Für die Beschuldigten ist das alles eine grosse Verschwörung. Hier solle ein Zeichen gegen die «bösen Salafisten und Terroristen» gesetzt werden. Die Privatkläger, also die beiden Anzeigeerstatter, die Medien und die Justiz würden dafür gemeinsame Sache machen, sagten gleich mehrere der Beschuldigten in ihrer Befragung.
Vor Gericht stehen diese Woche acht Gläubige der mittlerweile geschlossenen An'Nur-Moschee sowie der damalige Imam und der Vereinspräsident, der erst wenige Tage vor dem Vorfall Präsident wurde.
Den zehn Männern wird vorgeworfen, im November 2016 zwei junge Nordafrikaner eingesperrt, verprügelt und mit dem Tod bedroht zu haben. Die Beschuldigten seien überzeugt gewesen, dass die beiden «Spitzel» einem Journalisten Film- und Fotoaufnahmen aus dem Inneren der umstrittenen Moschee verkauft hätten.
Die acht jungen Männer waren gemäss Anklage für die Gewalt und die Todesdrohungen zuständig, der Imam und der Vereinspräsident schliesslich für das «Spitzel-Geständnis», das die Opfer im abgeschlossenen Büro hätten vorsprechen mussten.
Verbale statt körperlicher Gewalt
Nur einer der Beschuldigten gab heute Montag jedoch zu, wütend geworden zu sein. Er räumte ein, den einen Anzeigeerstatter wegen der Handyfotos aus dem Gebetsraum als «Idiot» und «Dummkopf» betitelt und angespuckt zu haben. Gewalt habe es aber keine gegeben, sagte er übereinstimmend mit seinen Glaubensbrüdern.
Der Imam und der Vereinspräsident wiederum beteuerten, mit den beiden Gläubigen nur das Gespräch gesucht zu haben.
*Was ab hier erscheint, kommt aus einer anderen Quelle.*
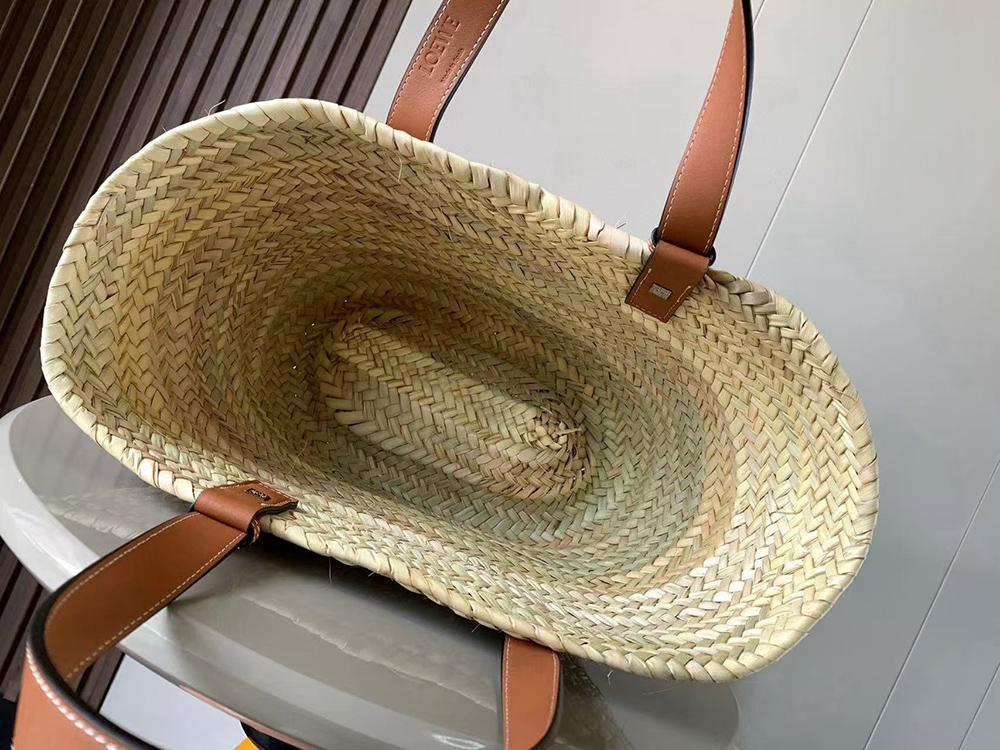 L0ew* classic basket bags s81x01 47*28*25cm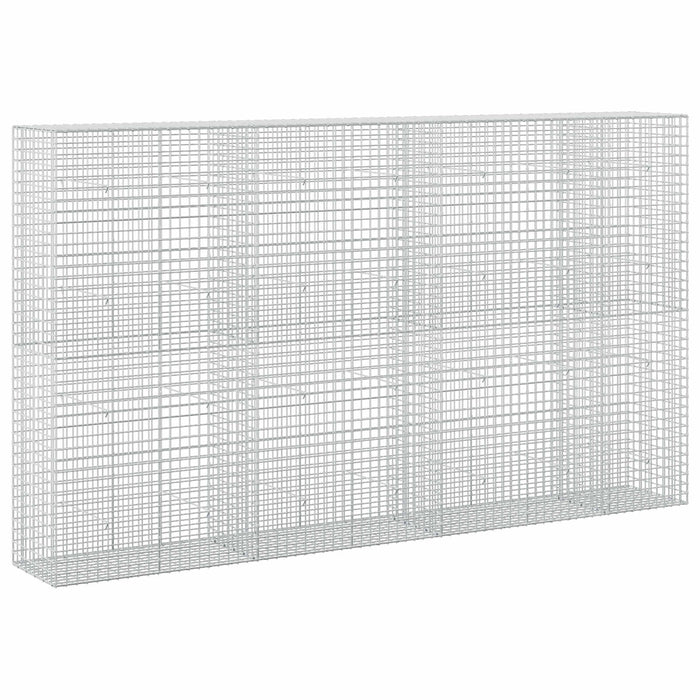 Gabion cu sârmă de 5 mm și plasă de 5x5 cm 350x50x200 cm WALTI
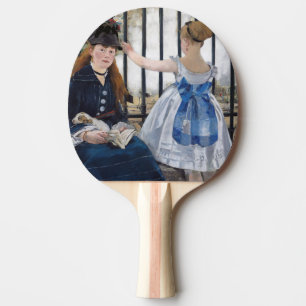 Raquette De Ping Pong Edouard Manet - La Gare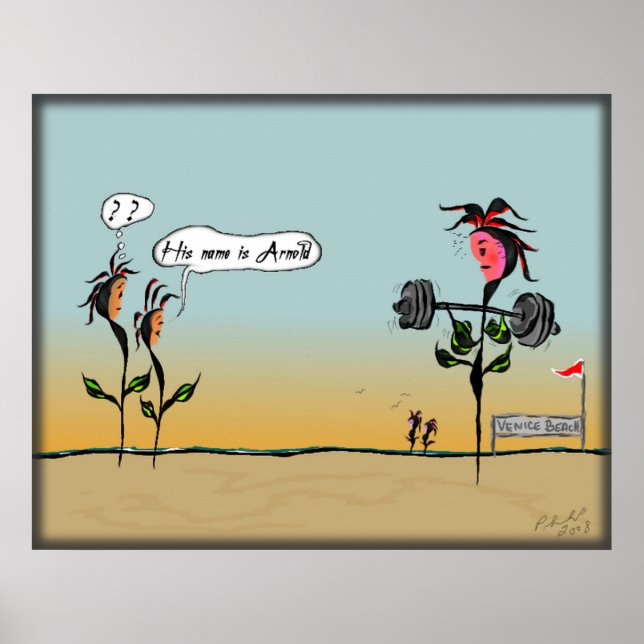 Póster California Dreamin' (Frente)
Dabei widersprachen sie sich jedoch beim wichtigen Detail, ob die Bürotüre dabei abgeschlossen war oder nicht.
Nächster Prozesstag am Dienstag
Die Anklage fordert, die zehn Männer mit teilbedingten Freiheitsstrafen in unterschiedlicher Höhe zu bestrafen, unter anderem wegen Freiheitsberaubung, Nötigung, Drohung und Körperverletzung. Jene mit ausländischer Staatsangehörigkeit sollen zudem bis zu zehn Jahre des Landes verwiesen werden.
Der Prozess wird am Dienstag mit dem Plädoyer der Staatsanwaltschaft fortgesetzt. Danach folgen die Vorträge der zehn Anwälte.